WHAT IS NEEDED >>
Here the job is to transcribe only the lines from the one containing "asco 2026 imunoterapia" through the last line below, exactly as written; please leave out pictures.

Scraped caption text data
____________________
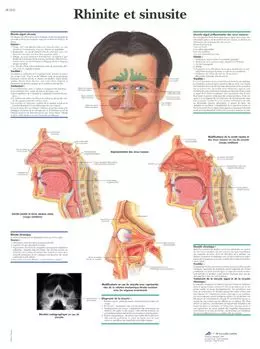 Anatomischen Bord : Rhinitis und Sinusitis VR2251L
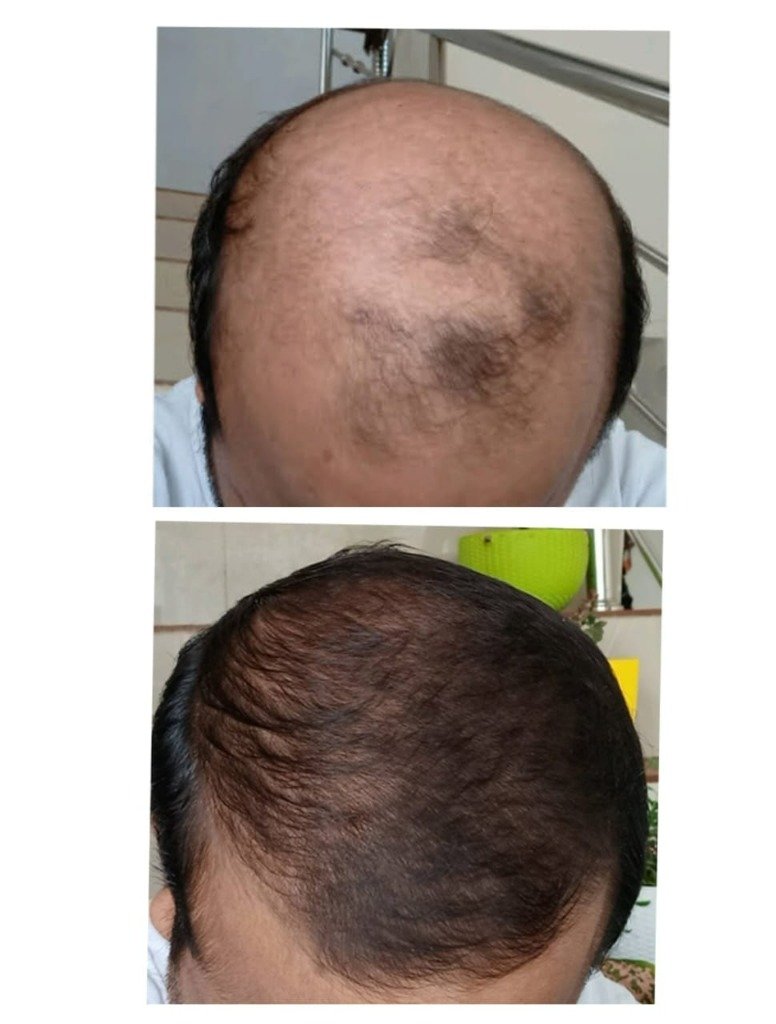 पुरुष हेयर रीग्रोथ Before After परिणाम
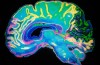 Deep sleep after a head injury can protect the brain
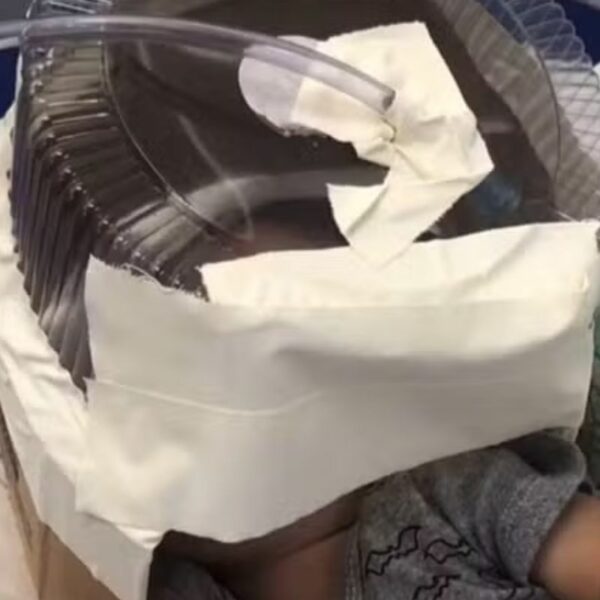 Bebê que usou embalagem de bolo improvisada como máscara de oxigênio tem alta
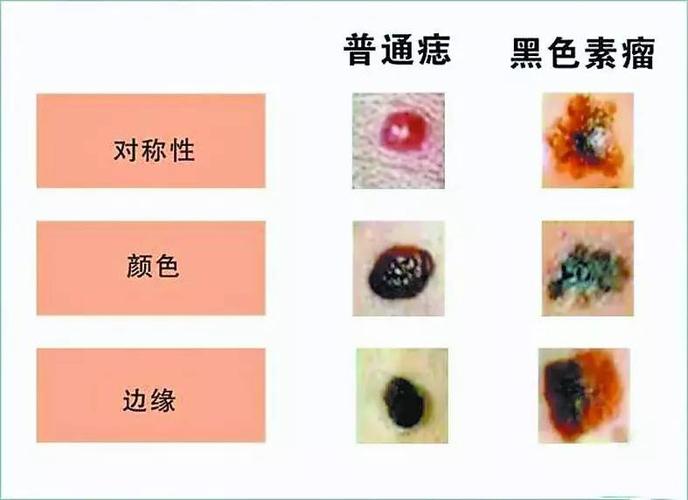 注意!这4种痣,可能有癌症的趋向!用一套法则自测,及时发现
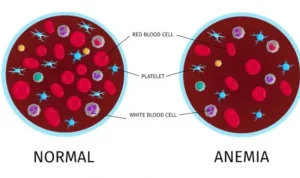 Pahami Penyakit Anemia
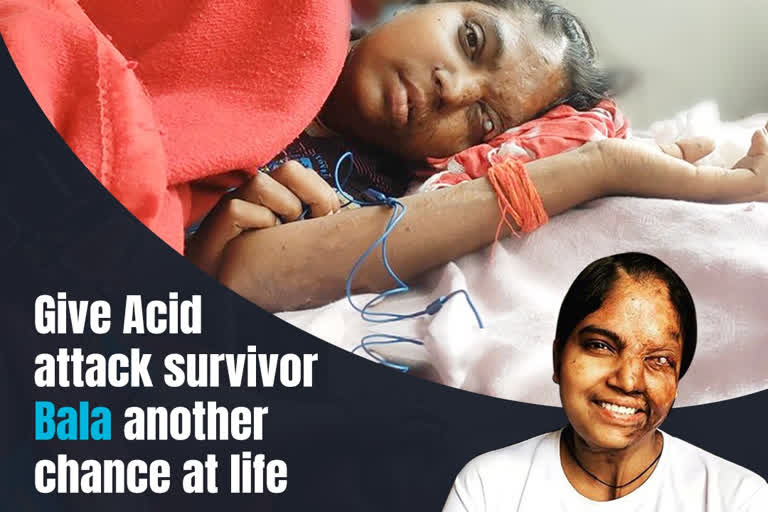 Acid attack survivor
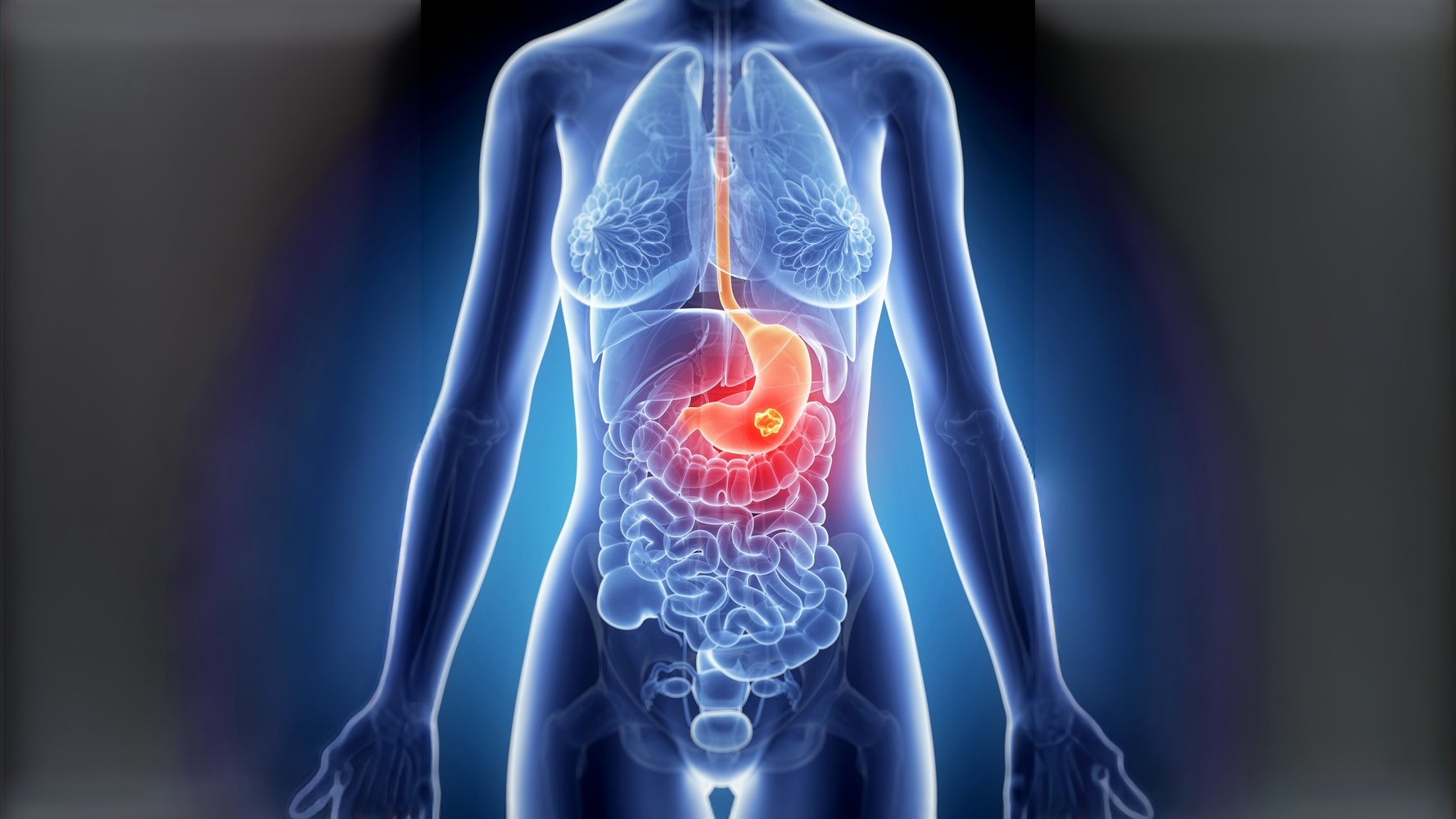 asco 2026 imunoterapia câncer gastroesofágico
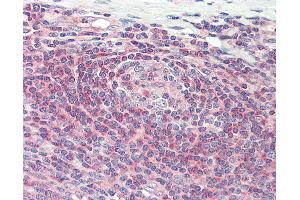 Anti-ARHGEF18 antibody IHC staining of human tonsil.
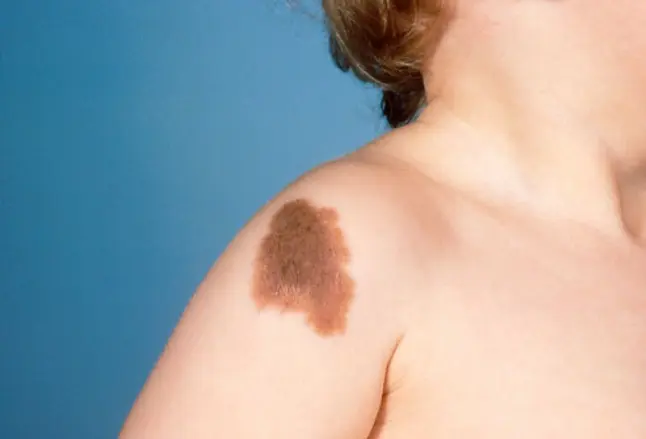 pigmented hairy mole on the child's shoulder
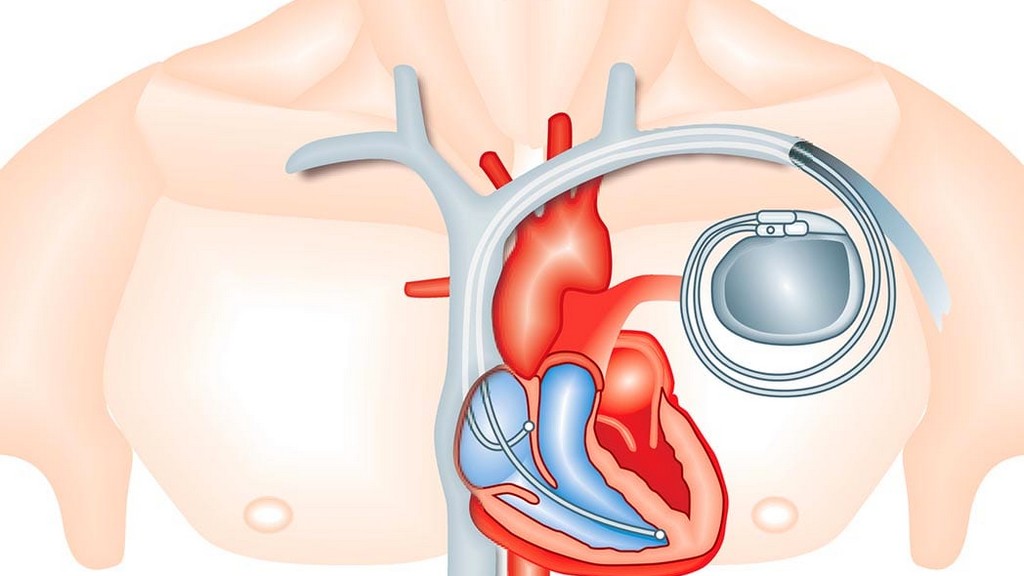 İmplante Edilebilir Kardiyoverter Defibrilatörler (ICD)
____________________
ANSWER TO THE PROBLEM >>
 asco 2026 imunoterapia câncer gastroesofágico
 Anti-ARHGEF18 antibody IHC staining of human tonsil.
 pigmented hairy mole on the child's shoulder
 İmplante Edilebilir Kardiyoverter Defibrilatörler (ICD)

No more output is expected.